Les centrales syndicales, moins attachées au récit républicain, dénoncent quant à elles, après le bégaiement de la secrétaire de la CGT, un discours électoral et stigmatisant pour une partie des élèves, mais reprennent la rhétorique de la diversion, tandis que la minorité des syndicats classés à droite, comme l’UNSA se félicitent de l’interdiction.

La lutte contre l’islamophobie, prise en charge par des collectifs de racisé·e·s comme Scolarité sans islamophobie, Touche pas à mon abaya, ou la commission antiraciste en non-mixité de Sud-Éducation 93, n’est centrale que dans une fraction de l’extrême-gauche. Révolution Permanente mène ainsi une campagne proactive autour des enjeux sécuritaires et sexistes associés à la répression islamophobe d’une part, tandis que le NPA s’attache à mettre en avant le caractère central de l’islamophobie pour structurer la politique Française.

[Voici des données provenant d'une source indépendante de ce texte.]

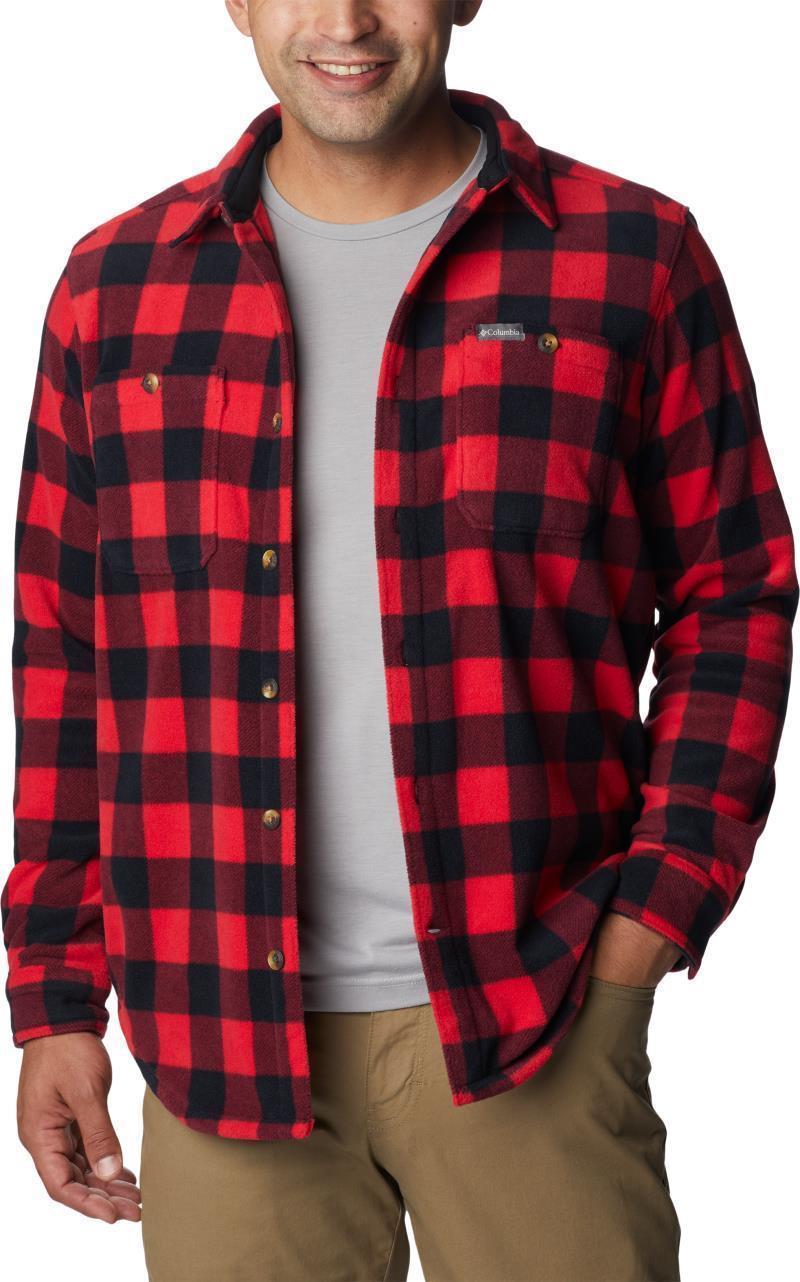 Flare Gun Fleece Over Shirt - Tall - Mens - Mountain Red Check 3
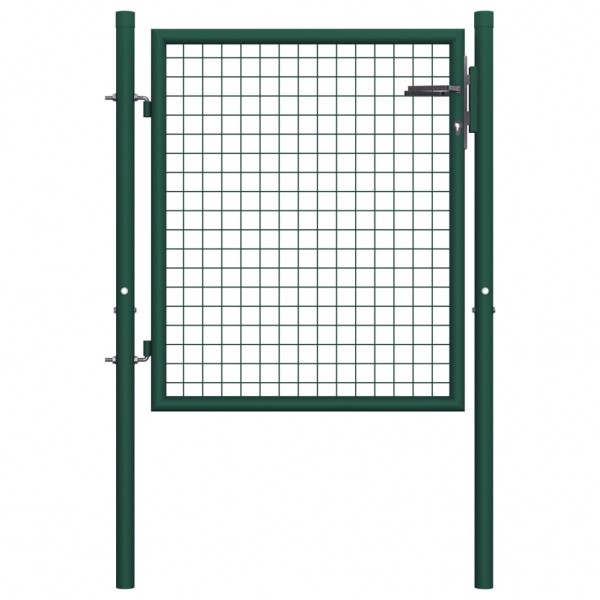 Puerta de valla de acero verde 100x125 cm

Loin d’être une «diversion» ou de ne concerner qu’une «minorité», l’islamophobie est pour nous au fondement de la politique de construction de la nation Française sur une assise coloniale et Blanche, violente et aveugle à sa violence, qui implique de se différencier de l’altérité arabo-musulmane – criminalisée par sa seule visibilité, non sur le plan individuel mais comme communauté. Elle est un pilier de l’ordre racial, elle construit le consensus Blanc autour de l’État et de l’exploitation : le renverser est une priorité.